Over the years, men from different walks of life have come forward to speak up about their own stories of being victims of sexual abuse. What the Crews story has done is merely embolden the existing plight of abused men all around the world, one that has long been undermined in many conversations regarding the matter. More importantly, it has fleshed out the more intricate aspects of sexual assault as an expression of something much bigger than just “desire” but furthermore, as a manifestation of power and politics—as definitively outlined in the Crews case in which a more powerful and bureaucratically top-level figure felt entitled over the body of somebody who has found a living as a commodity in modern America’s consumerist media culture.

It is precisely the political aspect of sexual assault that lends the conversation to a gendered debate on how patriarchy has posited men as the superior species and how the power that it has enshrined upon the male is what ultimately paves the way for him to objectify the female body. Of course, we cannot discount the outliers in the discourse that refer to how assault can happen to anyone (no matter the power they hold or the lack thereof) and can sprout even from the most underprivileged places. This, however, only makes for a compelling case arguing that rape and sexual assault can in fact happen to anyone—even men, as powerful as they are.

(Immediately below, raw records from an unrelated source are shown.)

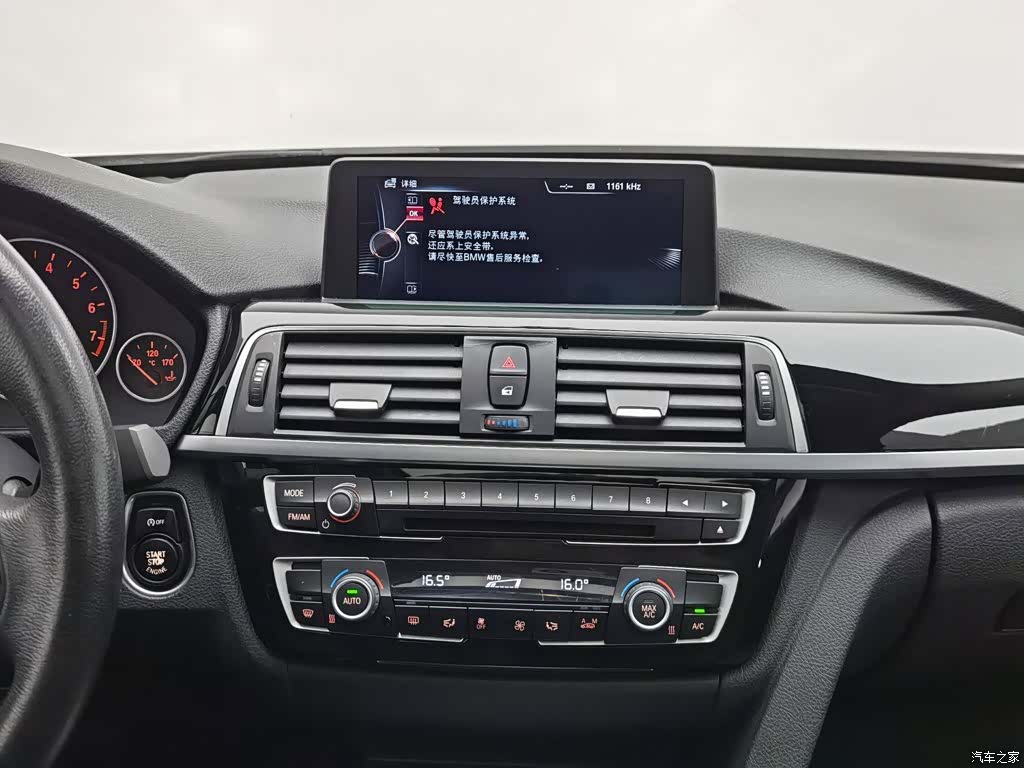 BMW 3 Series, 2017 12
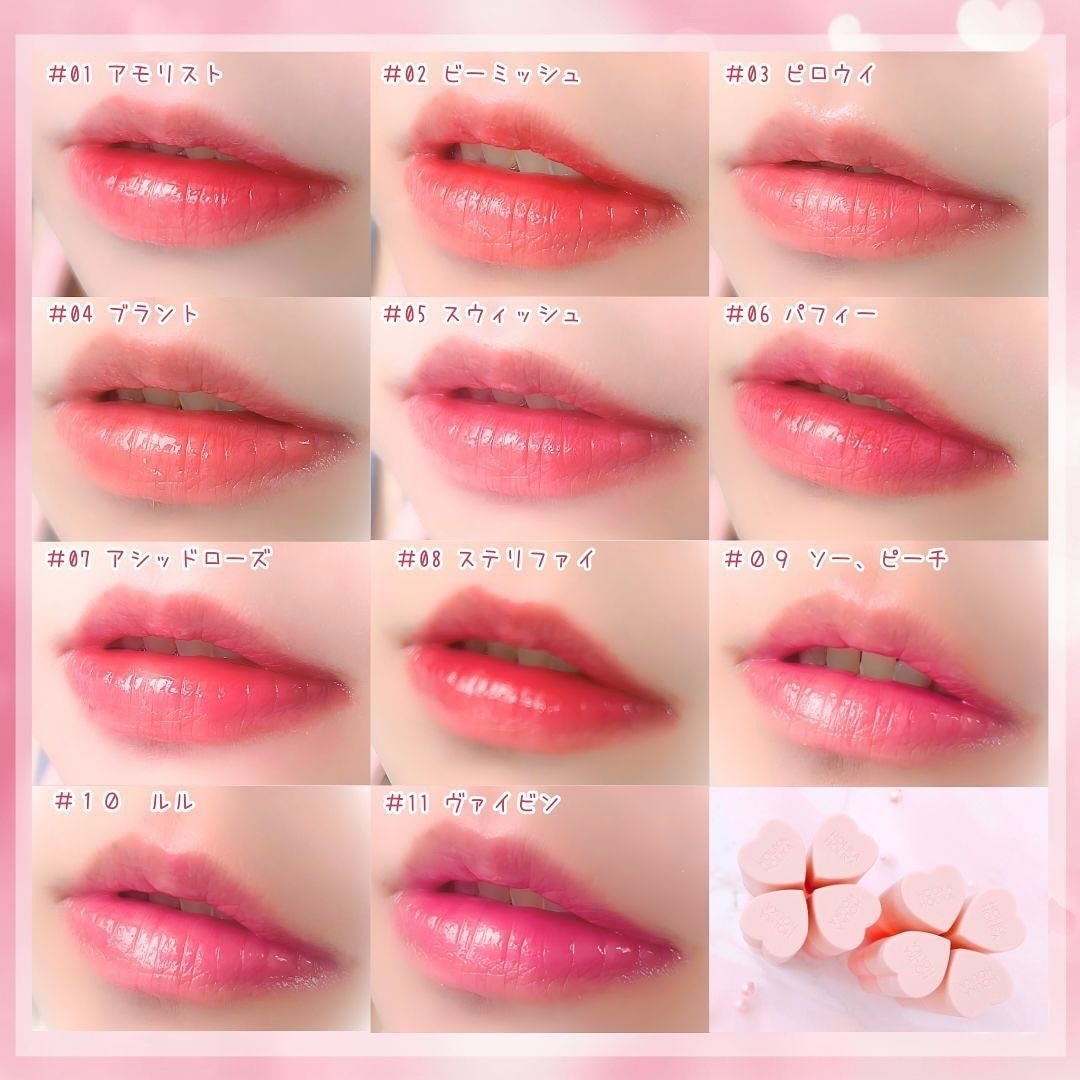 ハートクラッシュ ベアグレイズティント/HOLIKA HOLIKA/リップティントを使ったクチコミ(5枚目)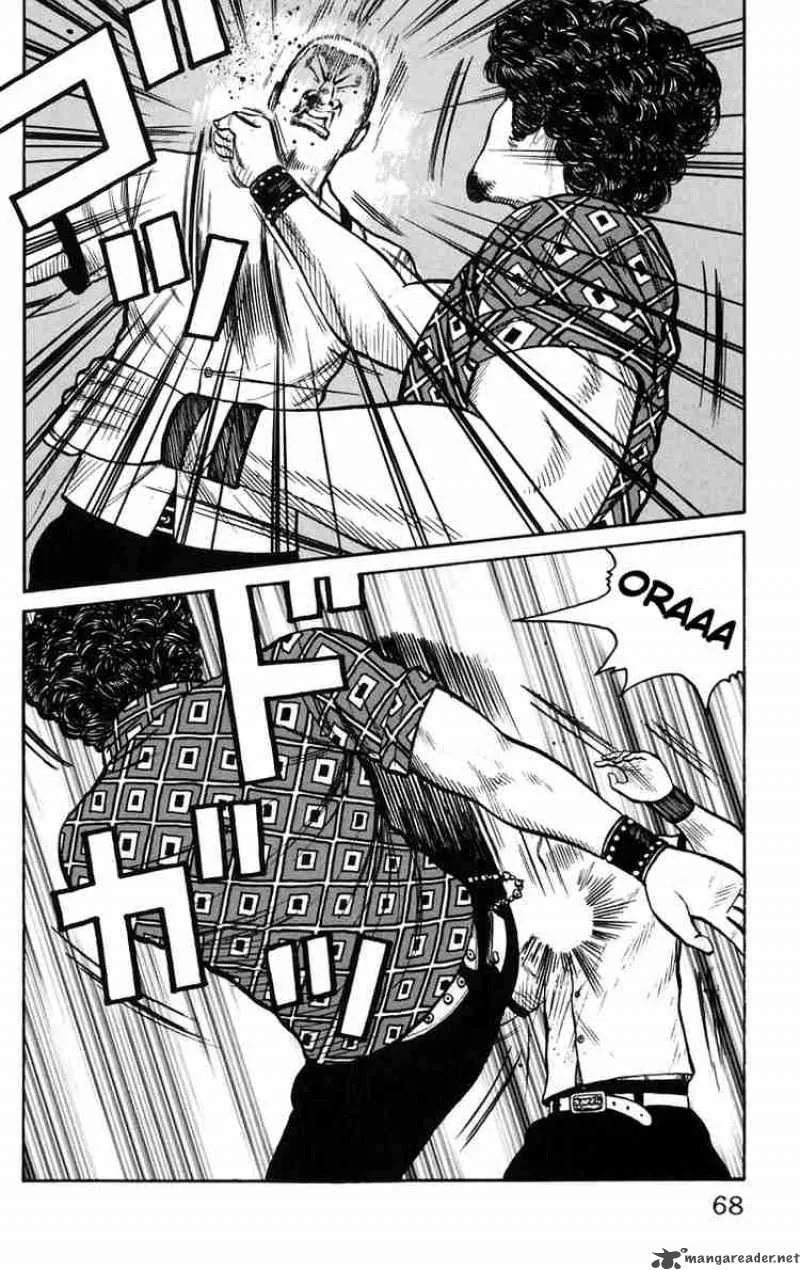 Worst Chapter 22 page 12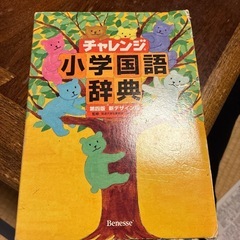 チャレンジ小学国語辞典　第四版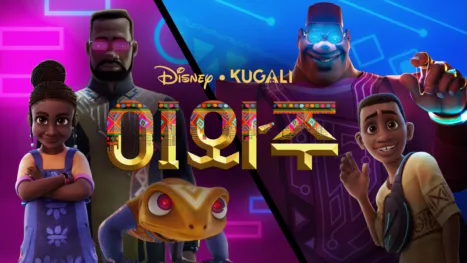 thumbnail - 이와주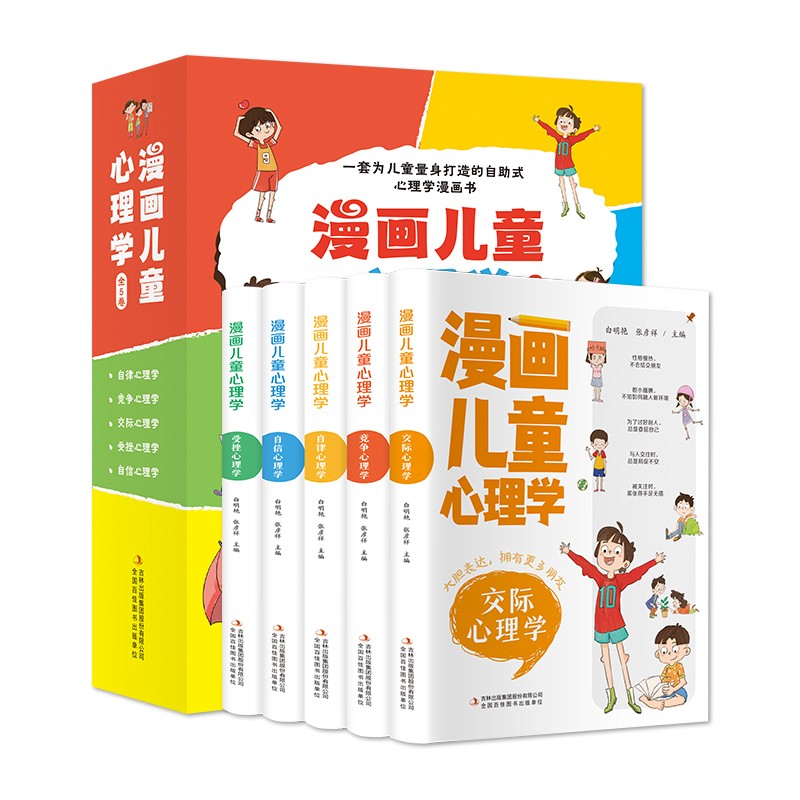 [醉染正版]漫画儿童心理学全5册小学生三四年级上册至六年级课外阅读漫画书儿童心理健康教育书籍情绪管理与性格培养绘本故事书高清大图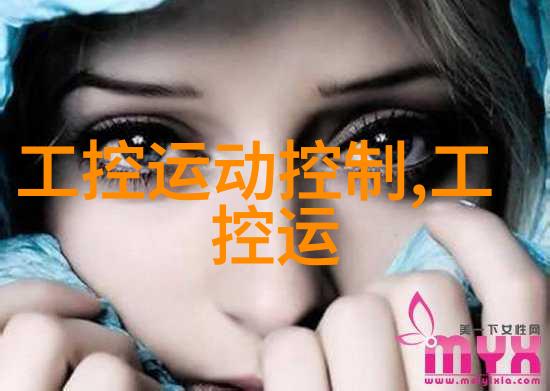 丙烷我是怎么从化学课上学到的那点小知识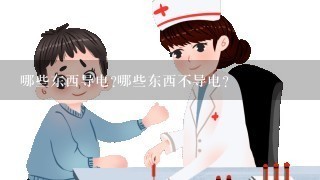 哪些东西导电?哪些东西不导电？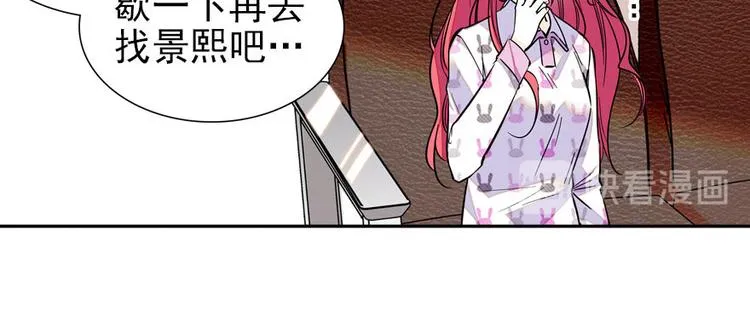 第44话 哥哥么么哒 第65页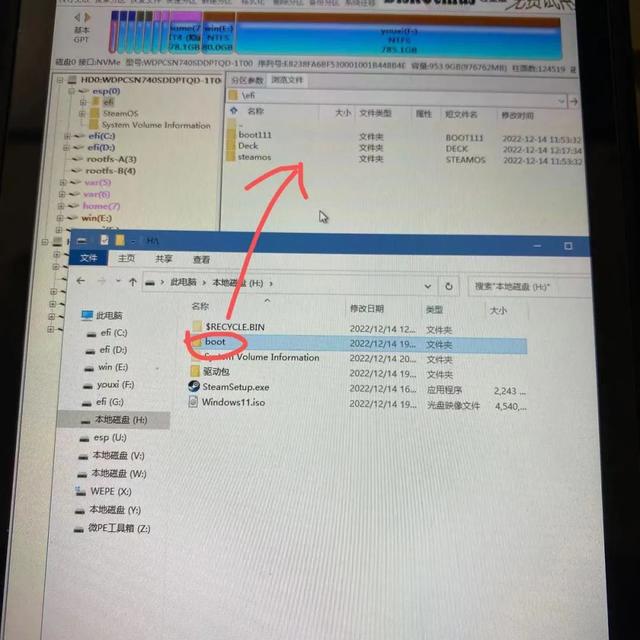 如何删除系统启动项，怎么删除开机系统启动项（SteamDeck做固态硬盘双系统教程）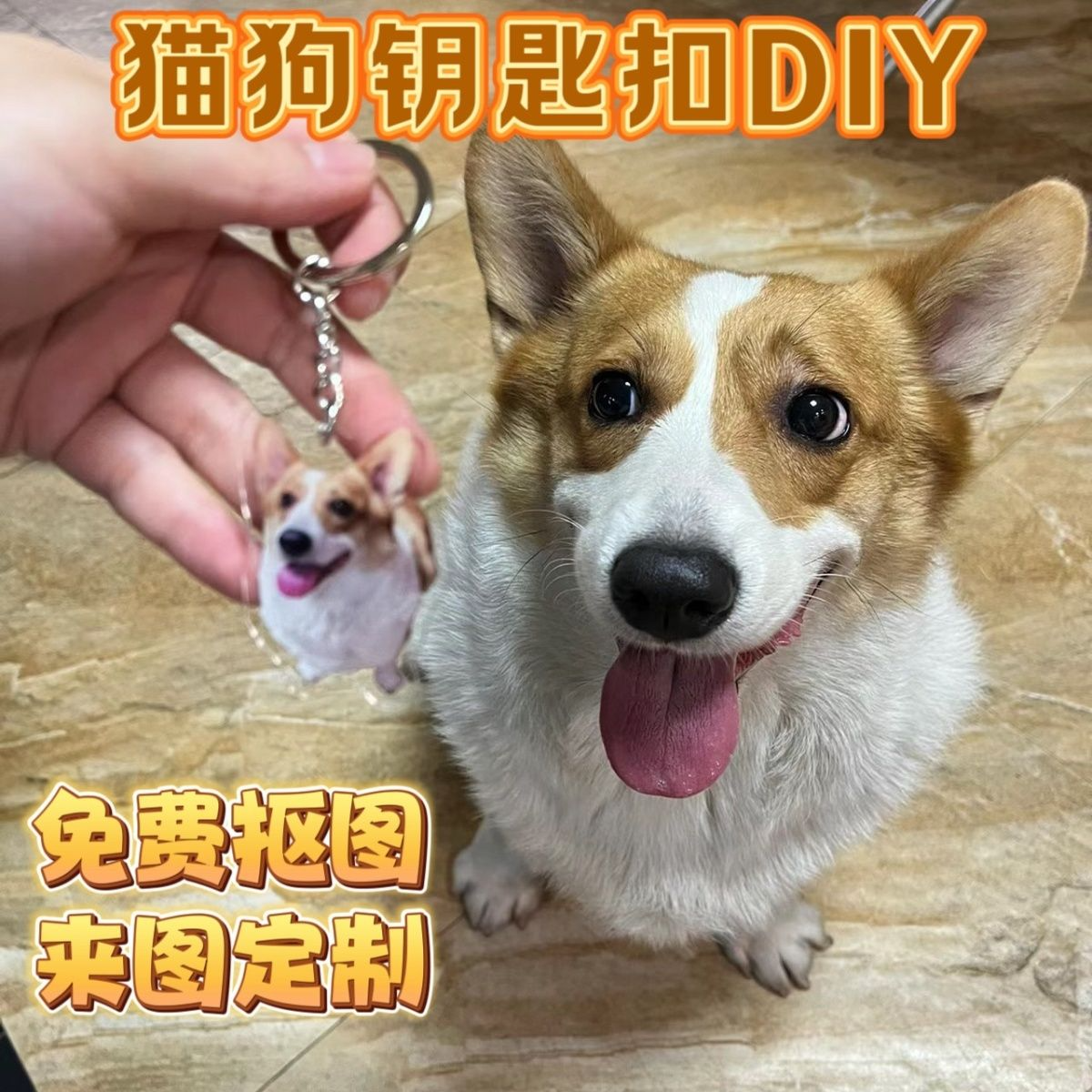 定制diy创意亚克力钥匙扣链个性照片订做小挂件镭射动漫卡通情侣a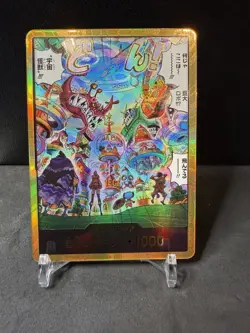 One Piece Gold DON!! Egghead Crisis Japanese - Image 1
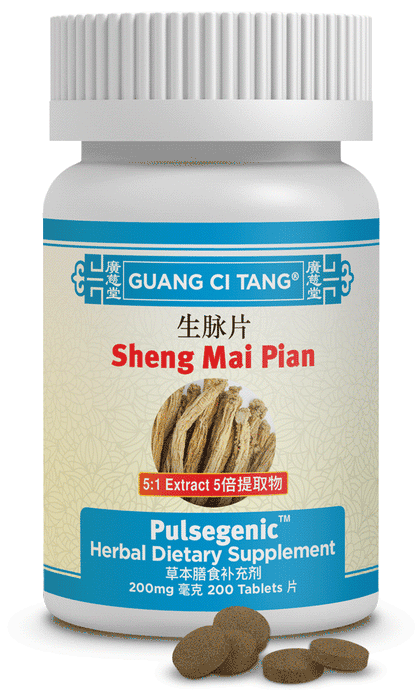 SHENG MAI PIAN (Pulsegenic™ )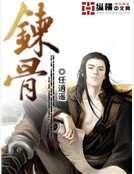 《煉骨》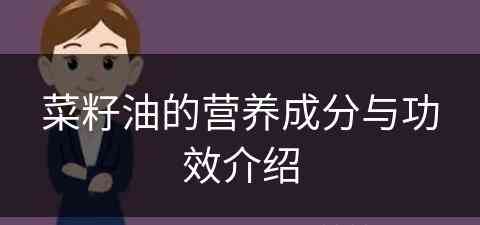 菜籽油的营养成分与功效介绍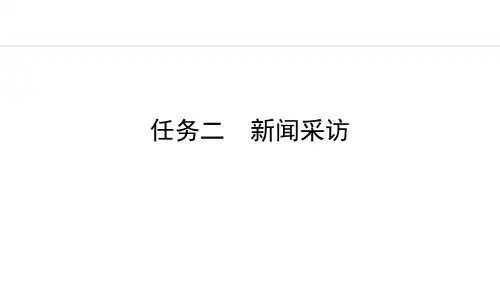 八年级上册语文【授课课件】  任务二 新闻采访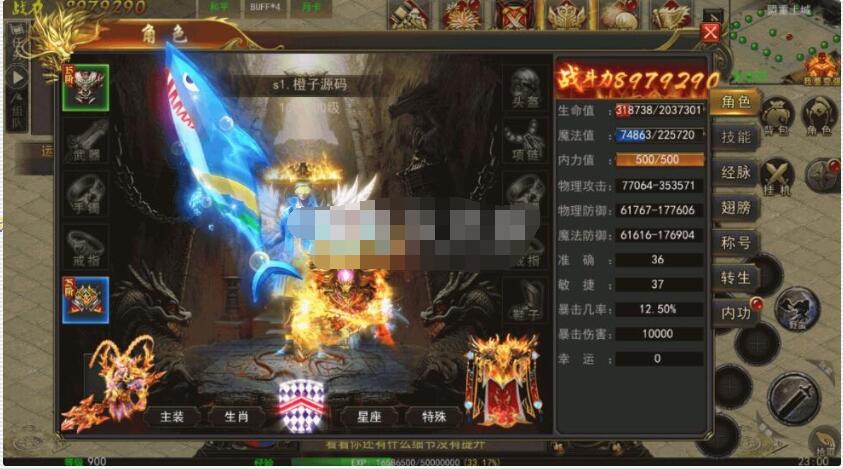 幽冥传奇手游【盛世幽冥三职业】8月最新整理Win一键端+安卓+GM授权后台
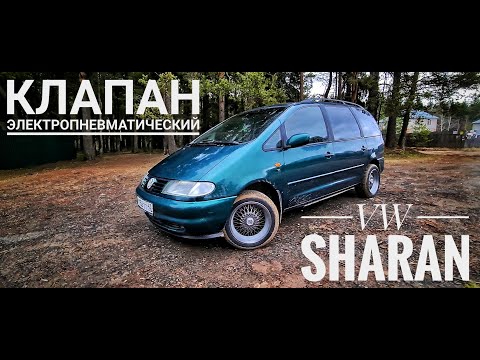 Видео: Sharan  - электропневматический клапан (рециркуляция воздуха)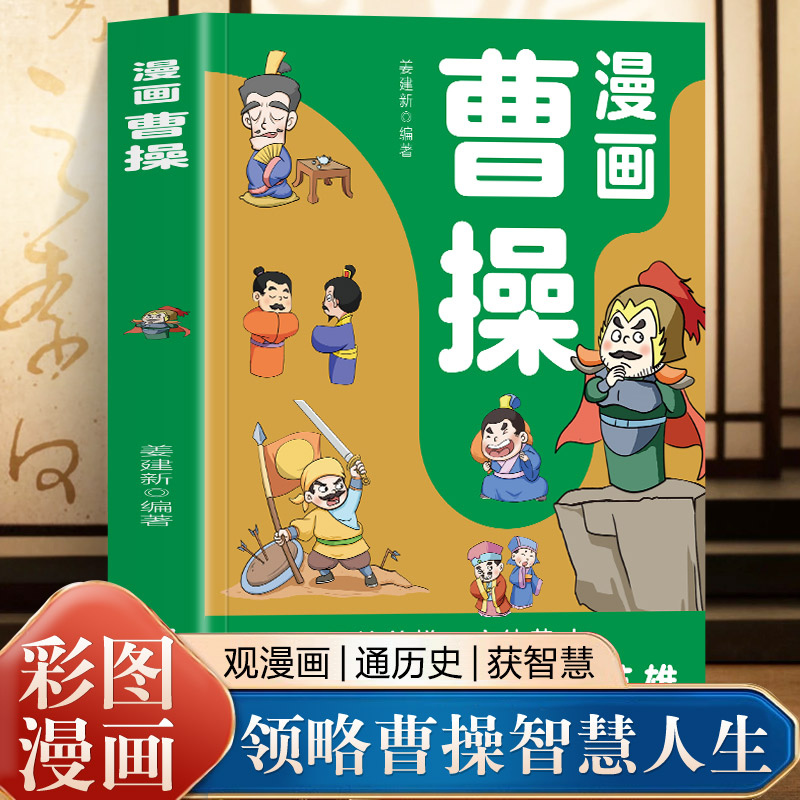 感受智者的热血智谋 漫画曹操 彩图版1-6年级课外历史知识读物 高情商为人处世谋略带你认识不一样的三国人物经典历史故事
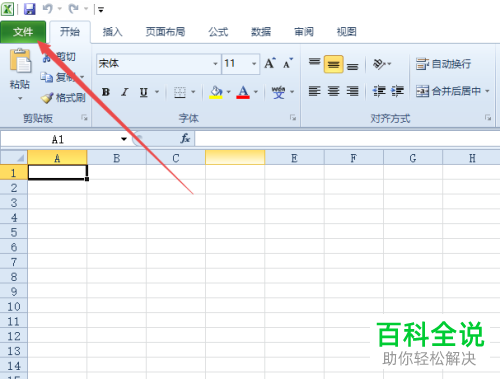 怎么使用excel2010给家庭制作月度预算表？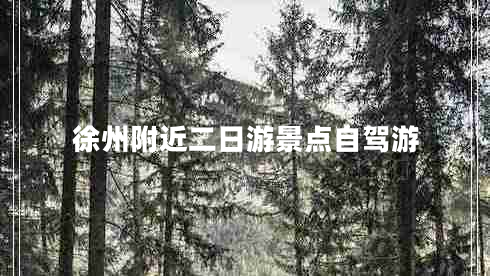 徐州附近二日游景點自駕游
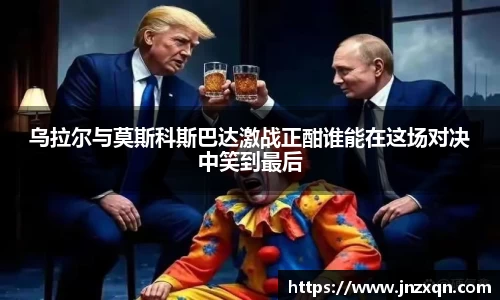 乌拉尔与莫斯科斯巴达激战正酣谁能在这场对决中笑到最后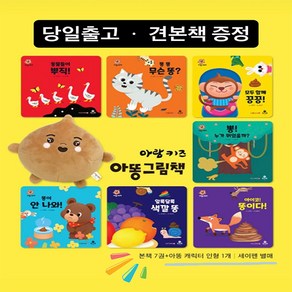 (아람키즈) 아똥 그림책 (총 8종), 단품없음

How power plays a role in rape culture is an important thing to acknowledge in these conversations because rape and sexual assault are mere reflections of the struggle for that power. When victims of abuse come forward with their truths, the ability of their oppressors to skew their narratives and turn the tide against them by virtue of public opinion (thus, rape culture) is an extension of that power struggle. It is then easy to fall into traps in discussions when the global conversation involves those who skirt around the issue by turning it into a “men versus women” thing.

Certainly, the conversation can get pretty muddled up: with the crimes of Woody Allen, Harvey Weinstein and other powerful male public figures splayed across the public forum, how do we sympathize with men as potential victims of abuse?

In Canada’s New Democratic Party (or NDP), Member of Parliament Christine Moore is the subject of sexual misconduct allegations from Glen Kirkland, an Afghanistan veteran. In his testimonies, he maintains that if a male member of parliament had done the same thing to a female subordinate, then the press—who he insists have long known of the sexual misconducts—might talk about the issue more. This reveals a flaw in how we treat abusers and the abused in these situations, especially when the press pivots the discourse to gender.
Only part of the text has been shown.